MDI-specific IgG data are reported as end-titers; the reciprocal of the highest dilution that yields a positive OD reading, > 3 S.D. units above control serum from unexposed mice. Isocyanate-specific IgE data are represented as a binding ratio, as recommended in previous clinical studies, which is calculated as the (OD of wells coated with MDI-albumin) ÷ (OD of wells coated with control albumin) [39]. Total serum IgE levels were measured as previously described [40].

MDI-albumin

MDI-mouse albumin conjugates used for ELISA and respiratory tract challenge were prepared under the reaction conditions recently defined to yield optimally antigenic MDI-conjugates with human albumin [38]. Mouse albumin in phosphates buffered saline (pH 7.2) at 5 mg/ml was mixed with a freshly prepared solution of 10% (w/v) MDI dissolved in acetone, to achieve a final MDI concentration of 0.1% (w/v). The reaction mixture was rotated end-over-end for 2 hours at room temperature, dialyzed against PBS and (0.2 μM) filtered. "Mock exposed" albumin was identically prepared, using only acetone (1% v/v final concentration) for the 2-hr exposure period. MDI conjugation to mouse albumin was verified based on characteristic shift in electrophoretic mobility, and absorbance at 250 nm, due to MDI's double ring structure [41]. In later experiments, for comparative purposes (with albumin purified from skin exposed to MDI in vivo, see below), we generated MDI-mouse albumin conjugates in vitro with varying levels of MDI/protein molecule, by varying the MDI concentration during conjugation reactions.

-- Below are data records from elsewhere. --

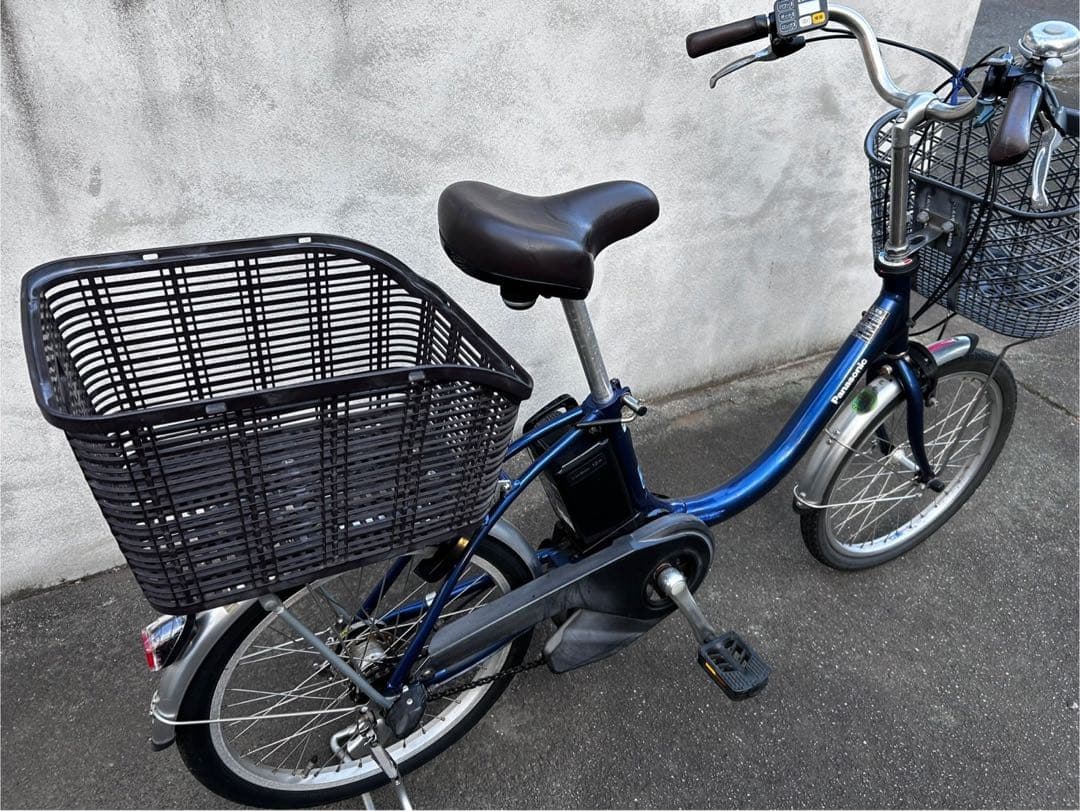 みきてぃー 引取限定 パナソニック 電動自転車 3段変速 20インチ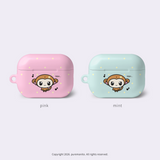 ルビーメロディーAirPodsケース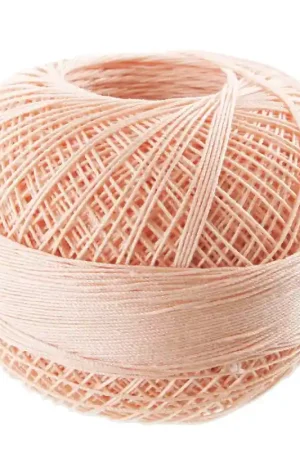 Fil de coton Lizbeth taille 20 Light Peach n°630 x192m Offerta Speciale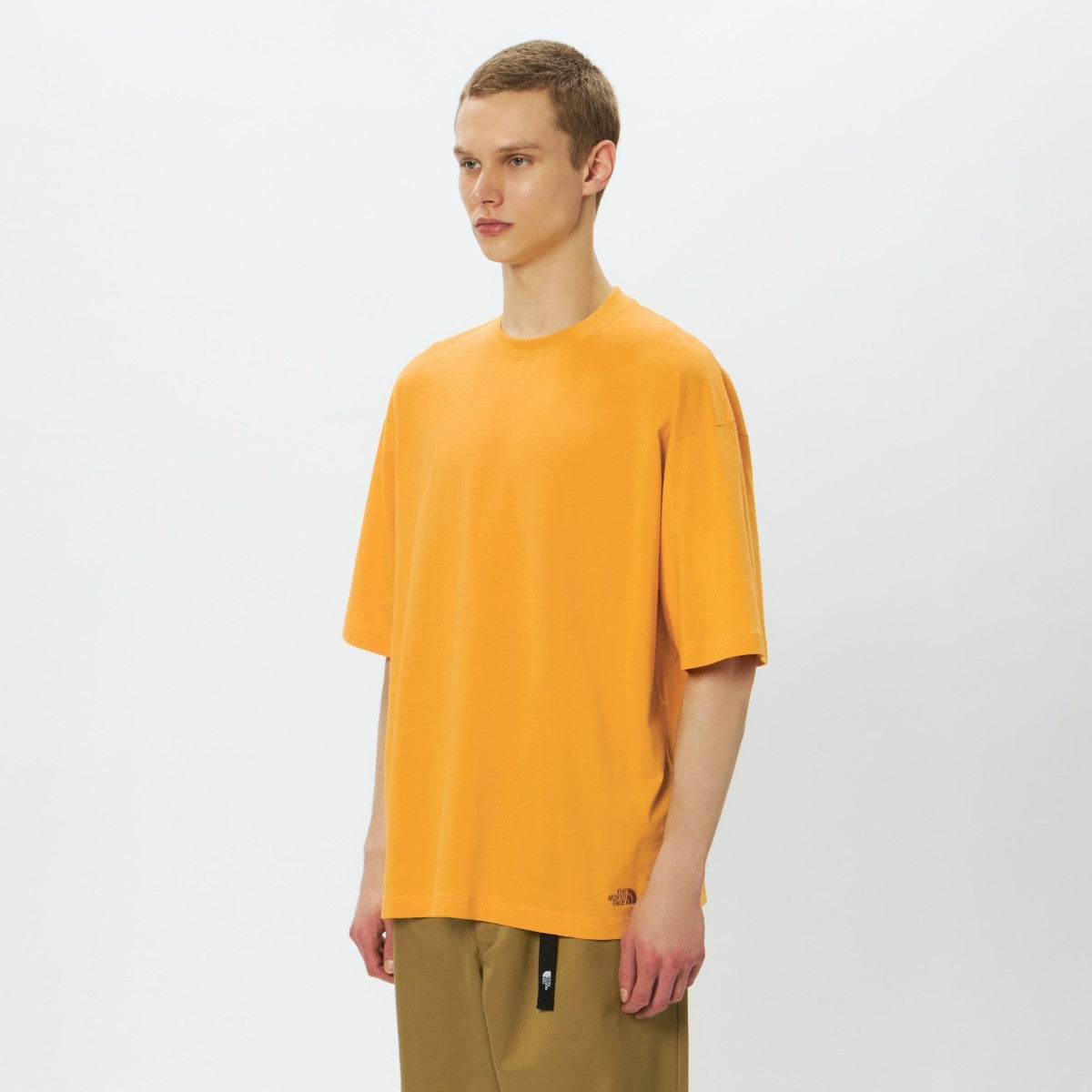 THE NORTH FACE S/S FREERIDE TEE ザ・ノース・フェイス ショートスリーブフリーライドティー NT82532【メンズ Tシャツ 速乾コットン グラフィックTシャツ カジュアルウェア アウトドア 25FW】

Respiratory Tract Challenge with MDI-mouse albumin conjugates

Mice were lightly anesthetized with methoxyflurane and exposed to 50 μL of a 2 mg/ml solution of MDI-albumin or control "mock exposed" albumin in PBS by means of an intranasal droplet on days 14, 15, 18, and 19; and sacrificed by means of CO2 asphyxiation on day 21. Bronchoalveolar lavage (BAL) cell counts and differentials were performed as previously described [40].

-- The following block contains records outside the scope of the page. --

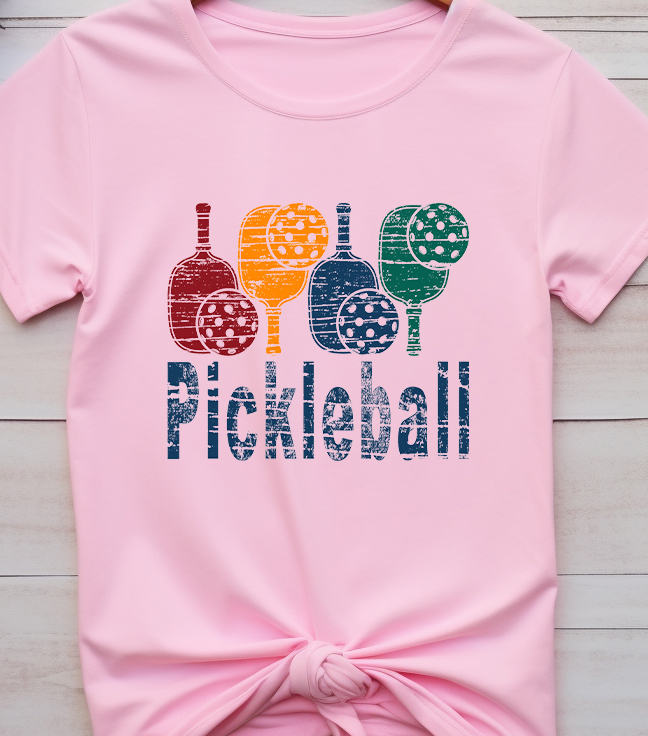 Pickleball - Pickle Ball - DTF Transfer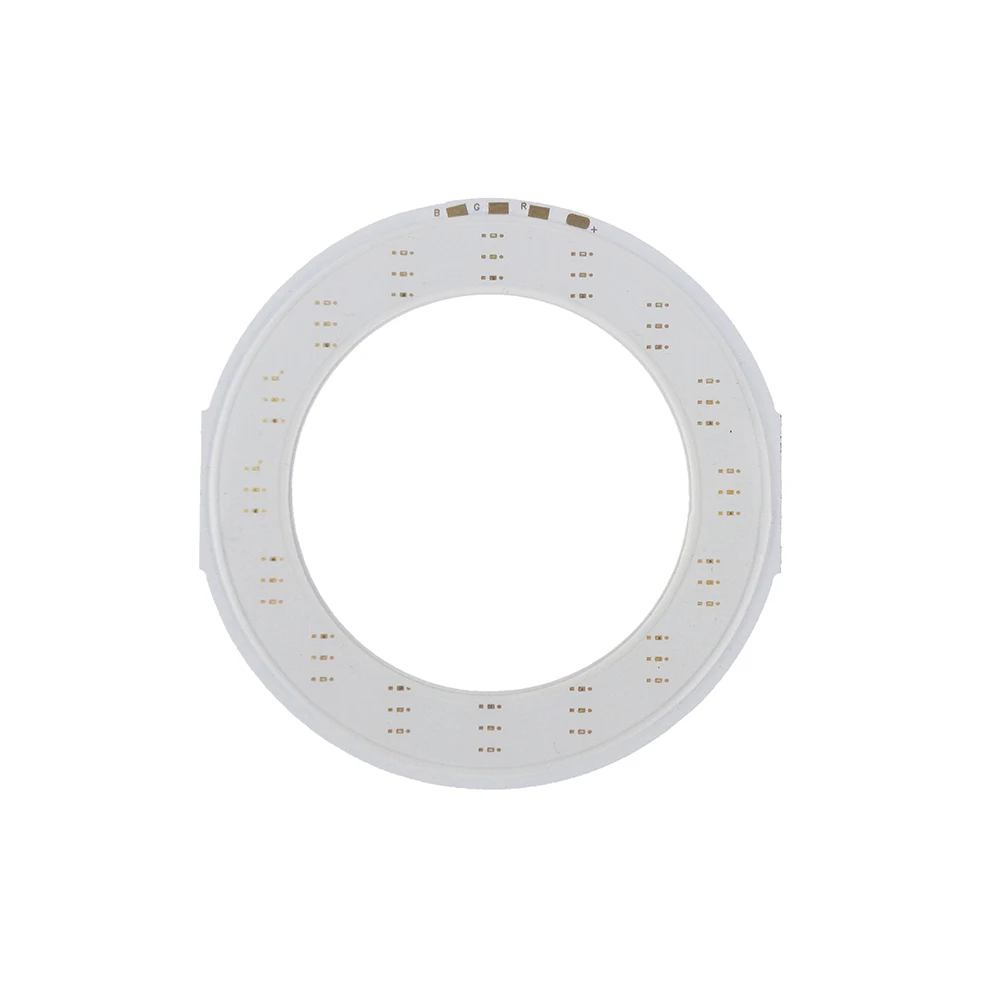 

10W Ultra Bright COB LED Round RGB Strip Light Lamp Source Chip diy DC 4V diameter 70mm #NEW LRT15692 2PCS free shipping
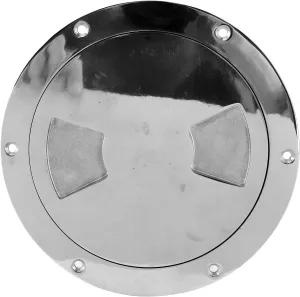 Hatch Deck Plate,6in 316 Stainless Steel Deck Cover Plate Cabin Bottom Plate Import and Export Yacht Marine Hardware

Processing of skin proteins

Mice were skin exposed to MDI or vehicle for 20 minutes, as described above; following which, the exposed area was wiped clean with 70% ethanol, surgically excised, and snap frozen in liquid nitrogen. Skin samples were then homogenized in a glass tissue grinder in an isotonic, pH buffered, detergent solution (20 mM Tris-HCl, 0.15 M NaCl, 1 mM EDTA, 1% Triton X-100, 0.5% Nonidet P40 and a cocktail of protease inhibitors). The homogenized samples were then microfuged at 16,000 x g for 5 minutes to obtain a "detergent soluble" fraction (supernatant) of skin proteins. Before Western blot analysis, detergent extracted skin samples were depleted of endogenous murine immunoglobulins by incubation with Protein G-coated sepharose beads, and clearance by centrifugation. The detergent insoluble fraction of skin samples was further homogenized in a strong denaturing buffer containing 9M urea and 50 mM DTT, to obtain a urea soluble fraction of skin proteins.

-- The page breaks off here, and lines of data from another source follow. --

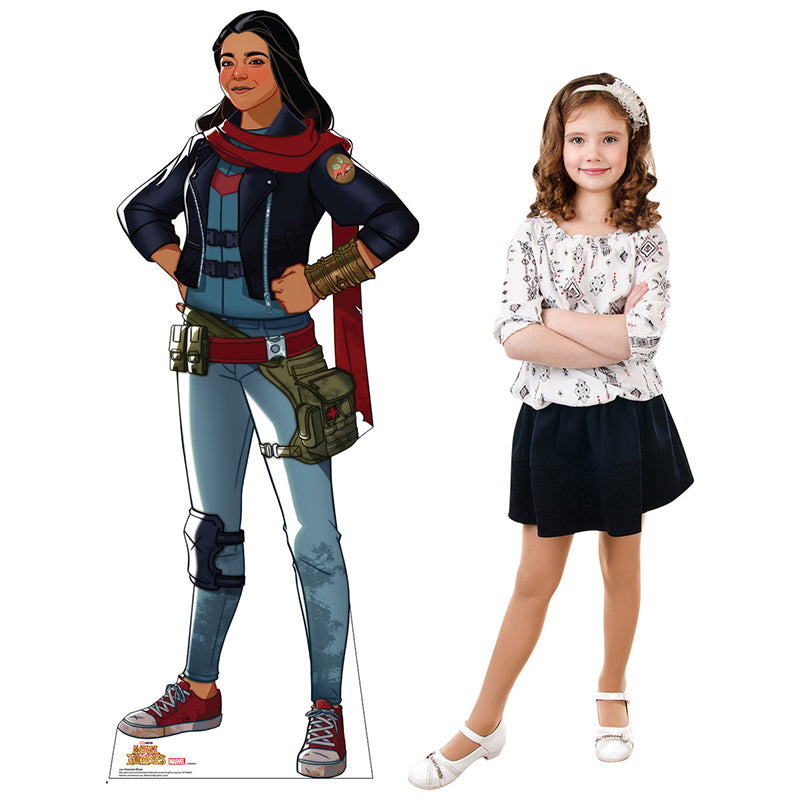 KAMALA KHAN "Marvel Zombies" Cardboard Cutout Standup / Standee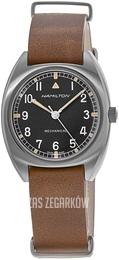 Hamilton Czarny/Skóra Ø36 mm H76419531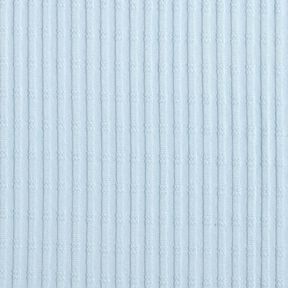 Rippenjersey Einstrickmuster – babyblau, 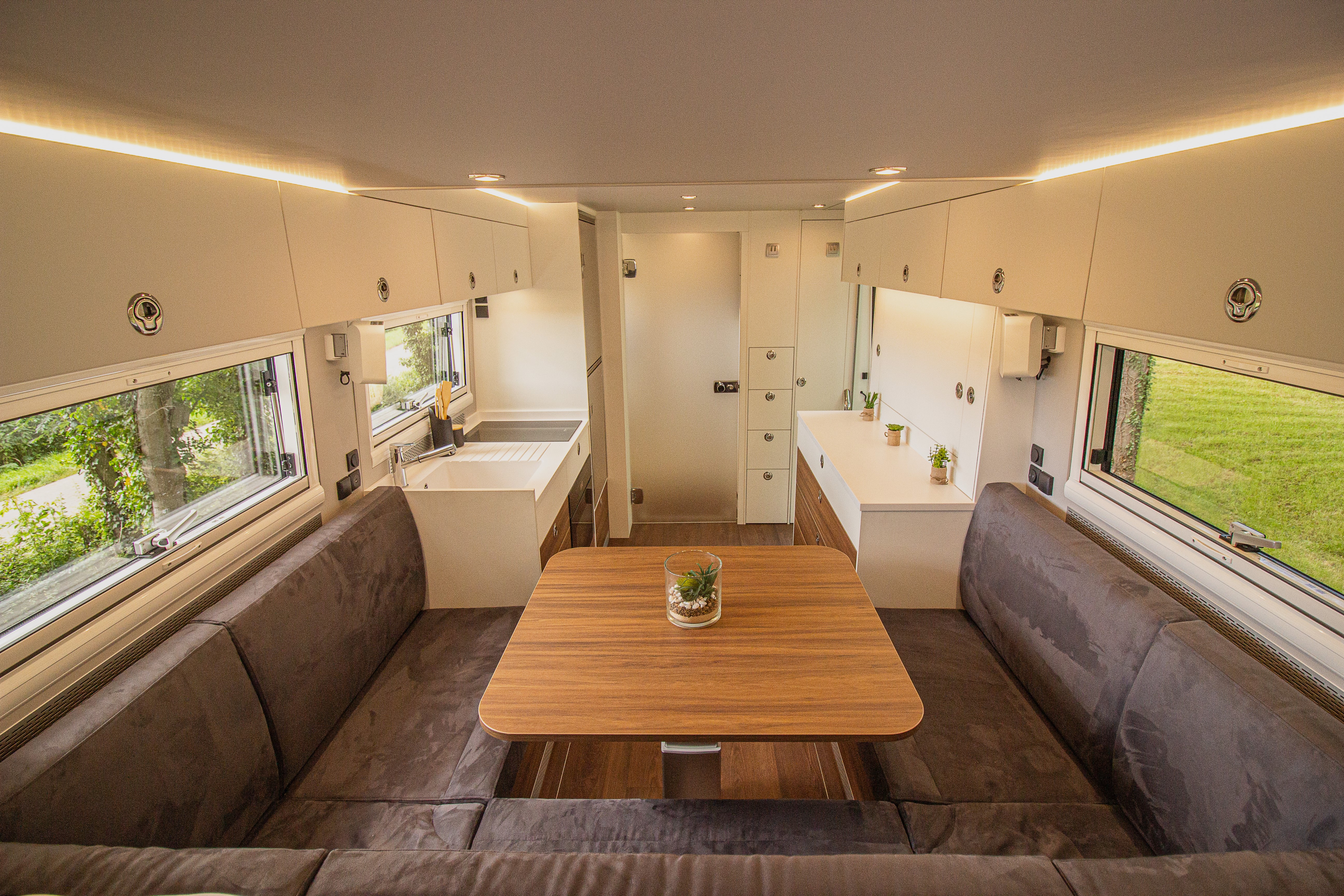 fabricant intérieur camping car haut de gamme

Detection of antigenically modified skin proteins (MDI antigens)

Skin samples from MDI exposed mice were Western blotted with serum IgG from autologous mice that had been "skin-only" exposed to MDI, to detect "self" proteins antigenically modified by MDI exposure. Specificity controls included parallel blots with sera from mice exposed to vehicle only, and irrelevant (anti-ovalbumin) hyperimmune sera. Electrophoresis and Western blot were performed as previously described using pre-cast sodium dodecyl sulfate (SDS) acrylamide gels (4-15% gradient) from BioRad, and nitrocellulose membrane [42, 43]. Nitrocellulose strips were incubated for 2 hrs with a 1:100 dilution of sera, washed extensively with PBS containing 0.05% Tween 20, incubated with a 1:2000 dilution of peroxidase conjugated anti-mouse IgG, and developed with enhanced chemiluminescence substrate.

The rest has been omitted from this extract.